Mais de 140 pessoas do Assentamento José dos Anjos, no Triângulo Mineiro, sofrem há mais de 10 anos com a falta d’água, o que inviabiliza inclusive o desenvolvimento de atividades produtivas

MPF/MG

O Ministério Público Federal (MPF) obteve liminar que obriga o Instituto Nacional de Colonização e Reforma Agrária (INCRA) a implantar, no prazo de 12 meses, toda a infraestrutura necessária para captação e distribuição de água às famílias do Projeto de Assentamento José dos Anjos, localizado no município de Uberlândia, no Triângulo Mineiro.

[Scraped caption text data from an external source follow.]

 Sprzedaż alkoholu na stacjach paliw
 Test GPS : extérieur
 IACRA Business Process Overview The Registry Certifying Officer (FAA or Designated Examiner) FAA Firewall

O PA José dos Anjos foi criado há mais de 10 anos, no dia 26 de outubro de 2005. Os lotes foram destinados a 45 famílias e atualmente cerca de 140 pessoas vivem no local.

Desde a implantação do PA, no entanto, os assentados convivem diariamente com a falta de água potável, pois, embora prevista no Plano de Desenvolvimento Agrário (PDA) do assentamento, o Incra jamais tomou providências para instalar a estrutura necessária ao fornecimento de água às famílias.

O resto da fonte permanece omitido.